Three thousand miles away, in Clovis, California, Dave McDonald, the CEO of Pelco, Inc. (Pelco makes all those surveillance cameras we see everywhere) was deeply affected by the overwhelming loss of firefighters, law enforcement officers, soldiers, and the innocent passengers of the fated air craft. He resolved to help in any way he could. His company supplied the cameras that where initially used in the search of the rubble.
But Dave wanted to do more. He decided to build a memorial to those who sacrificed their lives. But he wanted to let the friends and families of the victims know that California cared about their lost loved ones and he wanted to honor those victims be remembering their families. So he invited survivors their families, and the families of those who had been lost, to attend the dedication ceremony at his expense. Dave ultimately paid the way for 1,150 New York Police Officers, Firefighters, Port Authority Officers and others to fly to Fresno via a chartered Boeing 747 and other commercial flights.
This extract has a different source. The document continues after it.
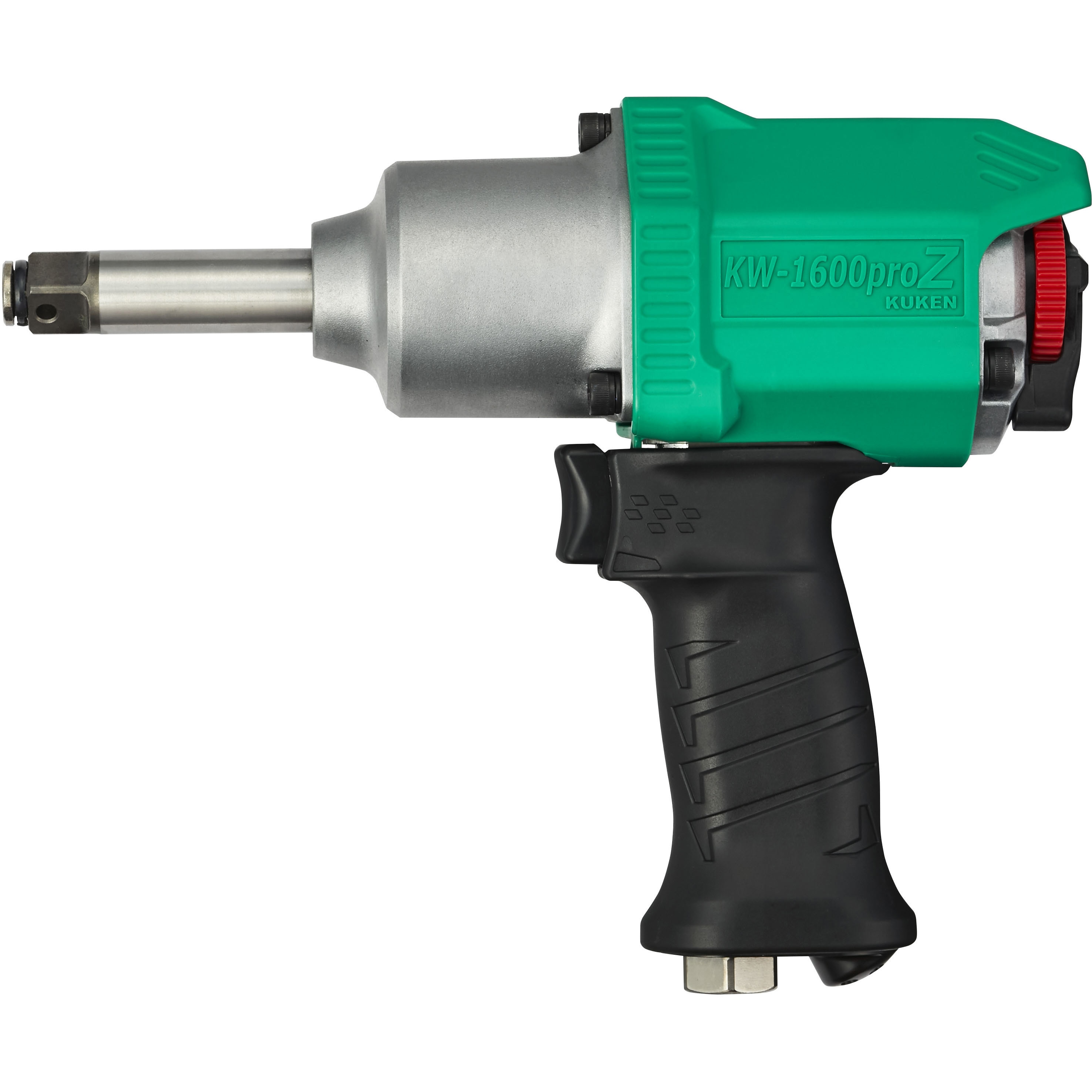 KW-1600proZ-2 12.7mm超軽量インパクトレンチ 1台 空研 【通販 KW-1600proZ-2 12.7mm超軽量インパクトレンチ 1台 空研 【通販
A huge dedication ceremony was planned with California Highway Patrol, Fresno Sheriff and Fresno Police officers, Clovis Police officers and various California government officials and celebrities. The general public was invited. The ceremony on March 13th was a time for remembrance. Pelco continues to maintain a museum on site of artifacts and photos from the terrorist attacks.
Today it was only fitting that Kenny and I went to the Pelco Memorial and witnessed the laying of a wreath to honor those who lived through that day and those who died that day, never knowing why or who was behind it. My prayers are with them all.

3 comments:

Yarnhog said...

What a moving post. It seems everyone knows someone who was directly affected.

Suzanne said...

Wow, what a wonderful post. It brought tears to my eyes. Its so hard to comprehend what happened. All those innocent people.

CatBookMom said...

My heart is hurting right now, after reading your lovely post about John's experience. Thank you for writing it. It was truly a miracle that so many of the people in the Towers survived.